The Sun/Oracle JDK engineers have confirmed this is a bug in the JDK:
http://bugs.sun.com/bugdatabase/view_bug.do?bug_id=2185608
It has been fixed in the recent Official Oracle/Sun Java JDK 1.6u18:
http://java.sun.com/javase/6/webnotes/6u18.html   defect 6822370

Client verified that the fix is NOT in the latest OpenJDK release and is not yet on the trunk of the OpenJDK source.
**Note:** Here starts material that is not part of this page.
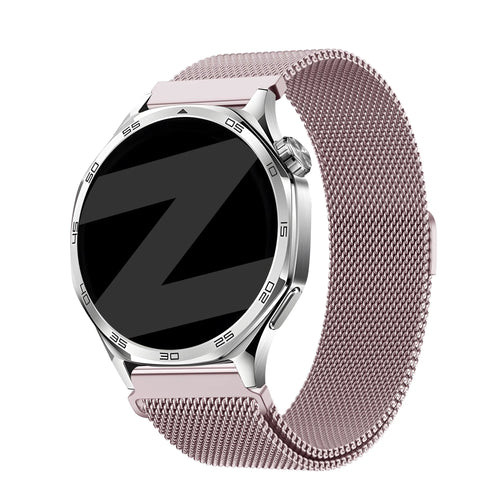 Bandz Levowatch Eve Milanese Strap 'Easy Fit' (Pink)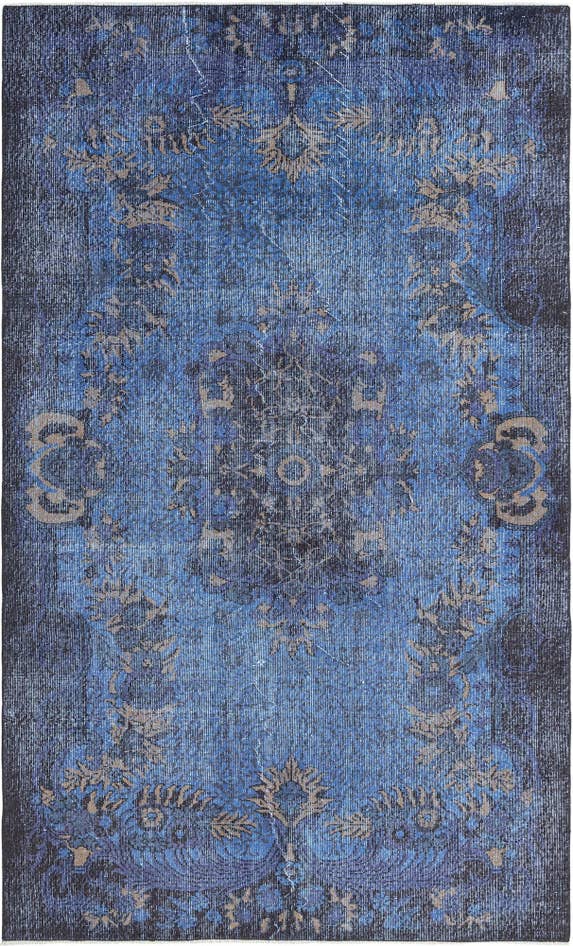 Detail image of 5' 10 x 9' 9 Ultra Vintage Wool Rug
OpenJDK mailing list people told it will make it into b19, whenever that comes out.

Now, client is able to run our software on RHEL5 with the latest release of the official JDK, but not with OpenJDK

Comment 1 Alan Matsuoka 2010-05-14 20:30:19 UTC
Created attachment 414160 [details]
hung-jstack-voltdb.txt

Comment 2 Alan Matsuoka 2010-05-14 20:30:47 UTC
Created attachment 414161 [details]
LBDLockPatternTest.java

Comment 3 Alan Matsuoka 2010-05-14 20:31:14 UTC
Created attachment 414162 [details]
lbd_lock_test.zip

Comment 4 Alan Matsuoka 2010-05-14 20:31:55 UTC
Created attachment 414163 [details]
sosreport-client-SR1966794.tar.bz2

Comment 6 Andrew Haley 2010-07-13 16:44:32 UTC
1:1.6.0-1.9.b16 has been pushed to RHEL 5.3, 5,4, and 5.5, and already has this bug fixed.  Please reopen if these is still a problem after updating.